Я опустил глаза и увидел воду, ползущую на меня по палисандровому паркету, укладка которого стоила мне стольких нервов. Три бригады сменил, пока нашел хороших рабочих…
Перед глазами все поплыло, потемнело — и больше я ничего не помню.
* * *У меня случился инсульт. Больше двух месяцев мне было очень плохо, но теперь врач говорил жене:
— Он не двигается только потому, что не хочет. Утеряны мотивации. Ну-ну, не надо отчаиваться. Думаю, это следствие какой-то психологической травмы. Кем он работает? А! Понятно. Это же страшные нагрузки, колоссальный стресс! Немудрено, что вашему супругу захотелось передохнуть. У нас хроническая усталость, верно, господин Протопопов? Видите, моргнул. Значит «да». Не огорчайтесь, это бывает. Полежит, наберется сил, и мы вам поставим его на ноги, он у нас еще побегает… — Докторишка с нарочито профессиональным сочувствием похлопал мою жену по руке. Она ему нравилась, я видел. Но мне было наплевать.

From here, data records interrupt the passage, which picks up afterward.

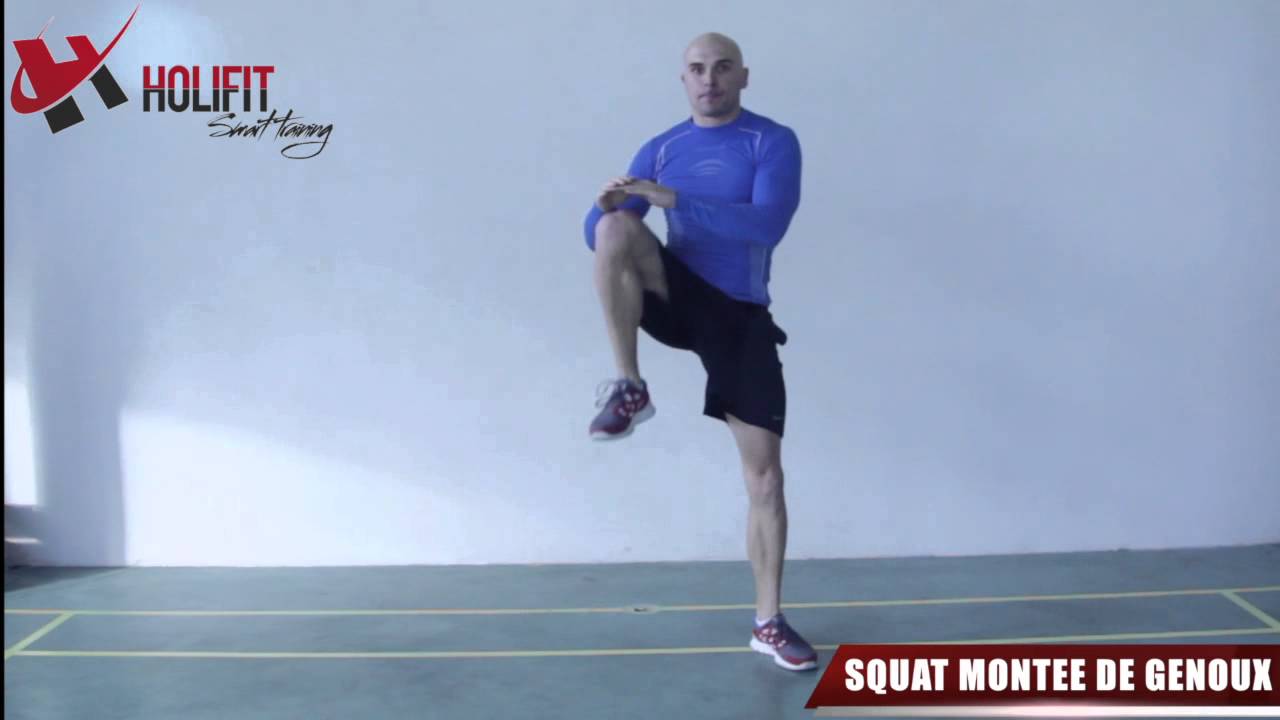 Exercice Fitness Squat Montee De Genoux Youtube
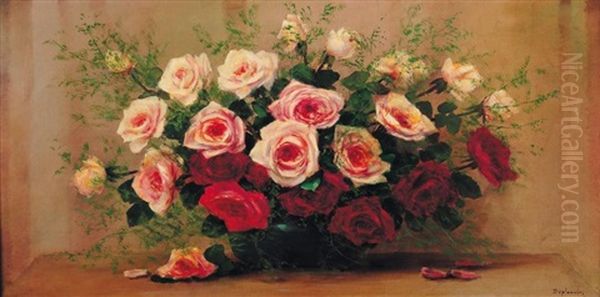 Bouquet De Roses Oil Painting by Gabrielle Marguerite Deplanche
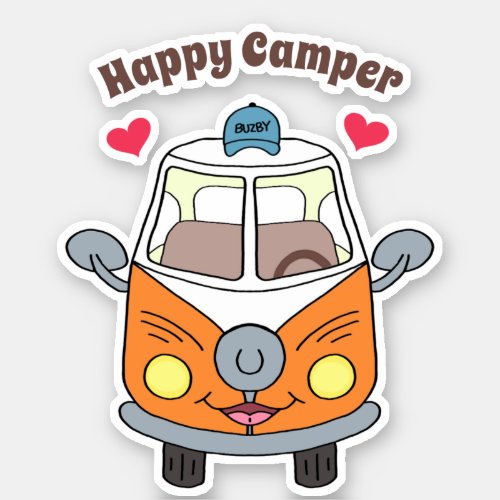 Cute Buzby The Bus Happy Camper Sticker
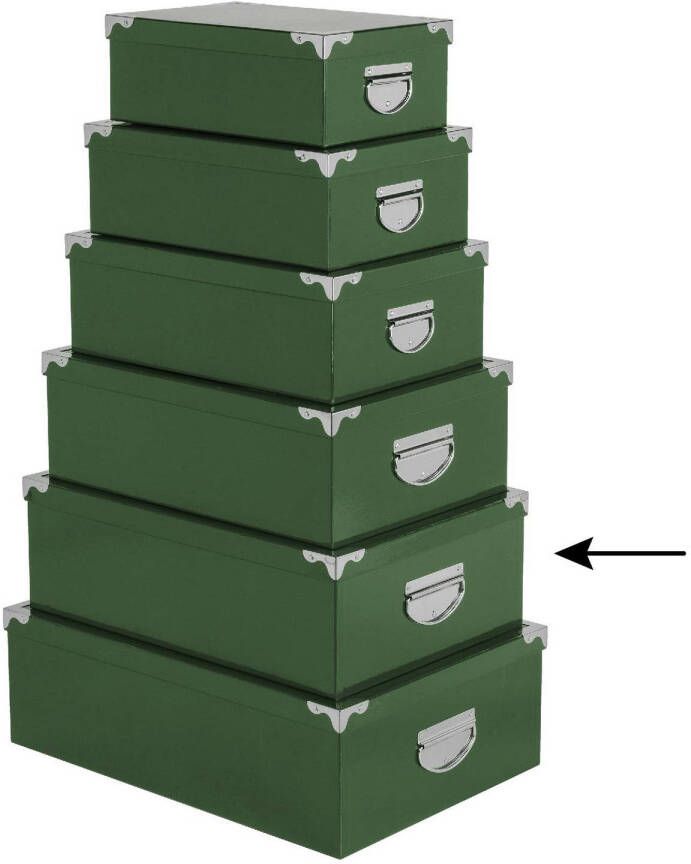 5Five Opbergdoos box groen L44 x B31 x H15 cm Stevig karton Greenbox Opbergbox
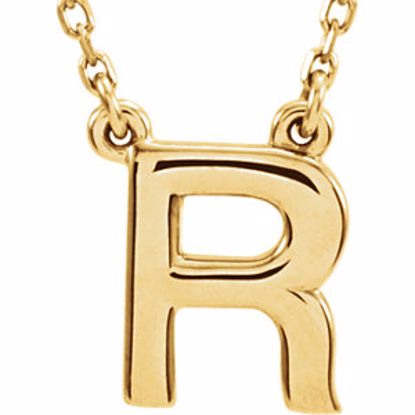 84634:316217:P 14KY Letter "R" Block Initial 16" Necklace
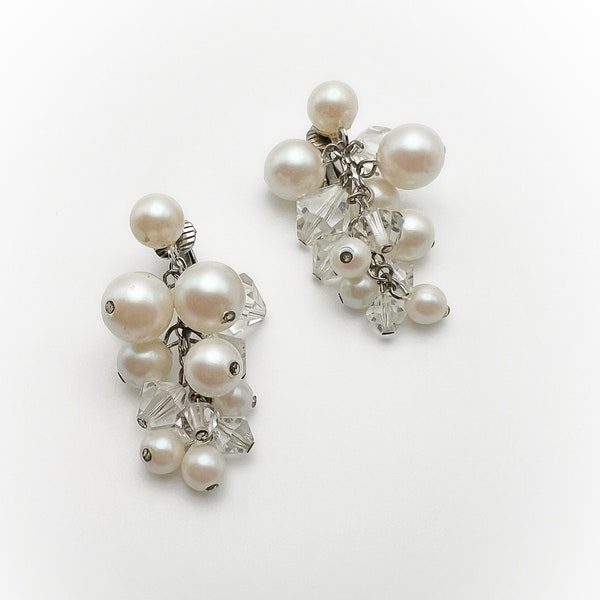 Vintage Bunched Grapes Faux Pearls and Clear Translucent Faceted Beads Clip On Earrings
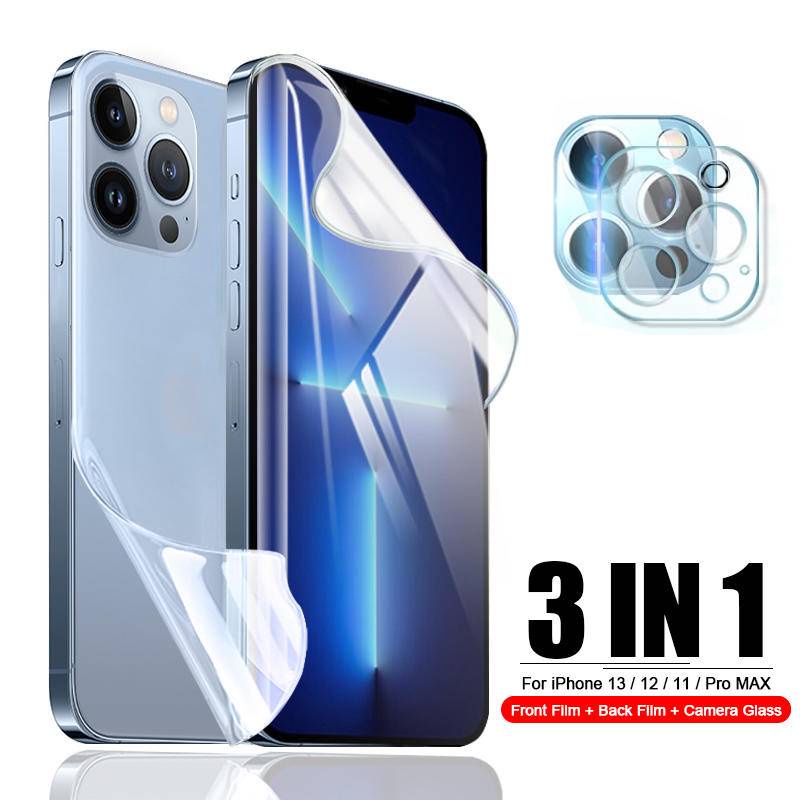 IPHONE Film Hydrogel 3-in-1 Full Cover Untuk Iphone6 6s 78 Plus Se2020 2022 X Xs XR Max Pelindung Layar Kaca Kamera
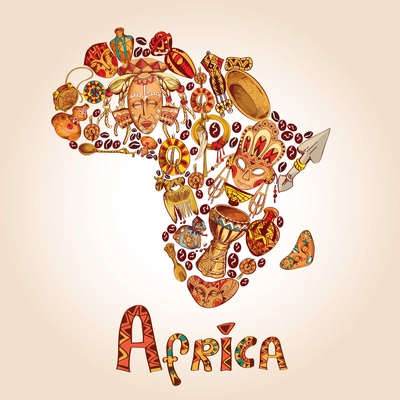 Africa sketch decorative icons in african continent shape travel concept vector illustration
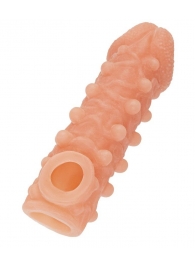 Телесная закрытая насадка с шариками Cock Sleeve Size M - 15,6 см. - KOKOS - в Самаре купить с доставкой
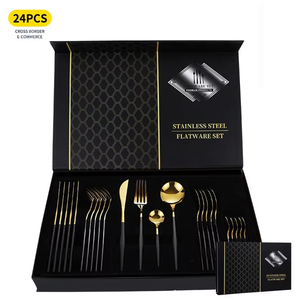 Offre Spéciale : Ensemble de Couverts Portugais Minimaliste en Acier Inoxydable, 24 Pièces, Poli Miroir, Plaqué Or (Couteaux, Fourchettes, Cuillères) - Product Image 1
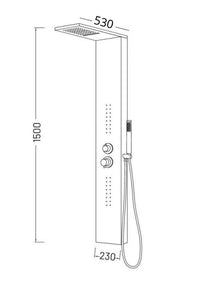 Colonna doccia attrezzata easy in acciaio inox cascata cromo lucido 150x23x53 *** confezione 1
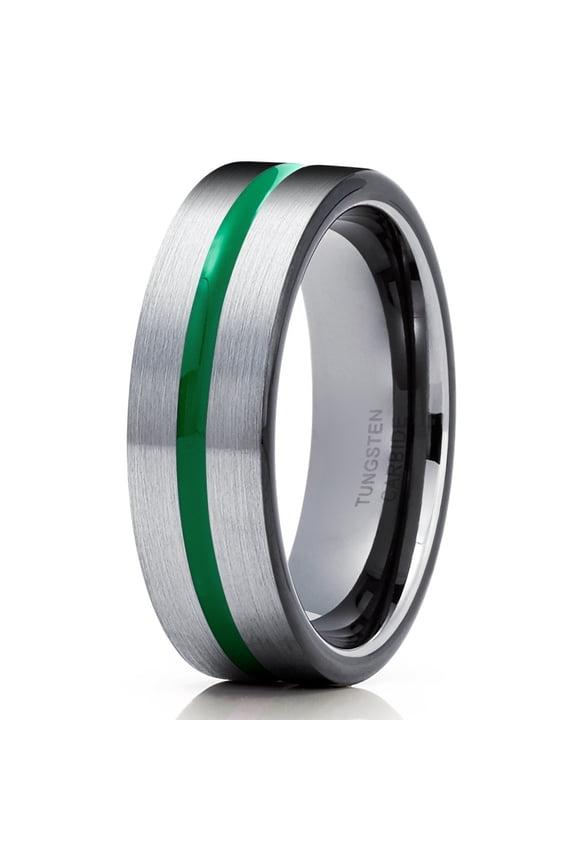 Green Tungsten Wedding Band Gunmetal Tungsten Ring Anniversary Ring Men & Women Gunmetal Tungsten Ring Tungsten Wedding Ring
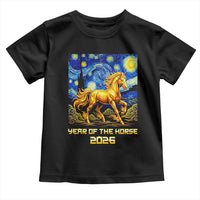 Year of the Horse Starry Night Inspired Graphic Toddler T Shirt Golden Horse Chinese Zodiac Art - Wonder Print Shop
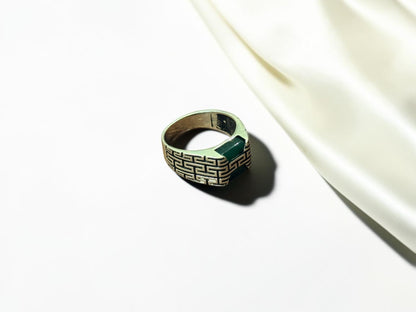Green Aqeeq / Agate Ring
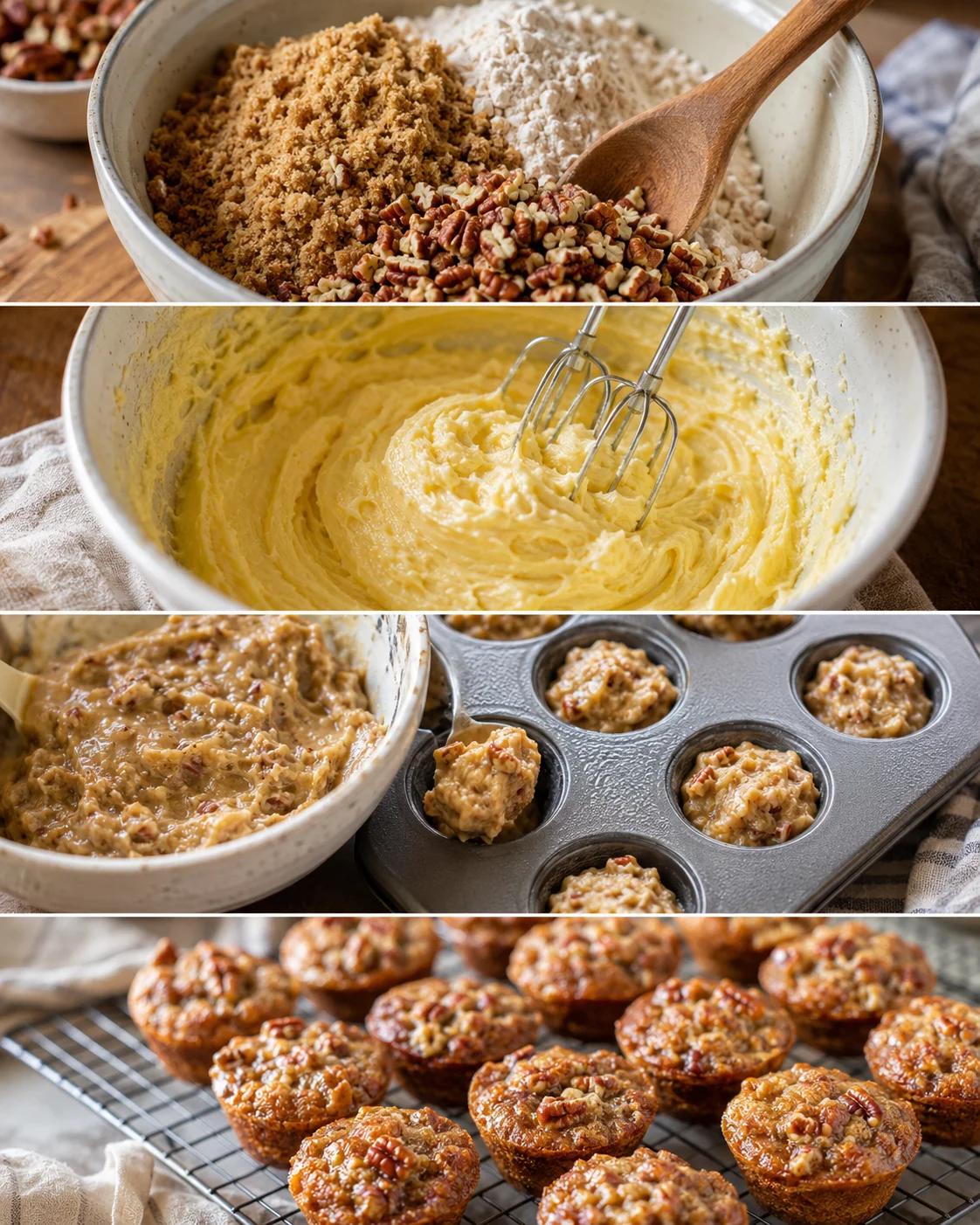 Golden pecan pie muffins with caramelized tops and nutty fillings.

Значит, я не двигаюсь исключительно по нежеланию? Возможно. Попробовать шевельнуть рукой? Нет, лучше не надо, страшновато: вдруг не получится. К тому же начнется суета…
Мне нравилась моя бессмысленная неподвижность: лежишь себе, думаешь о своем. Разговаривать не хотелось — не с кем и не о чем. Жаль только, что они не догадываются привести ко мне Тату. Ради нее я сделал бы исключение, сказал бы: «Видишь, Таточка, как смешно: я боялся потерять недвижимость, а потерял движимость».
Она оценила бы юмор.
Глупая моя девочка, зачем ей иностранец? И для чего сразу тащить его к родителям?
В нашу последнюю встречу, глядя в окно кафе, она задумчиво произнесла:
— Знаешь, я долго думала, почему Иван от меня ушел, что было не так, в чем я виновата. А потом поняла, что важно не почему, а для чего. Ведь тогда казалось: отдам все на свете, лишь бы остался, а теперь я не променяла бы свой одинокий год ни на какое семейное счастье. Мне подарили возможность стать собой, и я очень, очень этому рада.
Я кивал, думал: ты не одинока, я тебя никому и ни за что не отдам, я тоже хочу благодаря тебе измениться. А через пару часов предал. Для чего, скажите мне, Христа ради? Чтобы теперь лежать и думать о ней — часами, днями, неделями? И вспоминать сладостные секунды?
Тра-та-та-та, та-та, та-та-та, среди белья крахмально выстиранного, лежал он, отрешась от женственного, в печальном постиженье истинного…
Тоже какая-то цитата.
Впрочем, мне вовсе не печально, а хорошо, и душа спокойна. Каждый получил что хотел. Тата — себя, жена — меня, который никуда не денется, я — Тату у себя в доме. Она всегда со мной, и мне не нужно гадать, почему она улыбается, от любви или от колдовства. Черт бы побрал мои экзерсисы, ими я разбудил в себе дьявола, за что незамедлительно поплатился. Если б я не терзался сомнениями, возможно, все пошло бы иначе? Но что зря философствовать? Моя Тата нежно меня любит, и временами, когда никто не видит, она склоняется надо мной, поправляет подушки и ласково проводит прохладными пальцами по моему лбу. Я просыпаюсь и мысленно поднимаю руку, здороваясь с ней.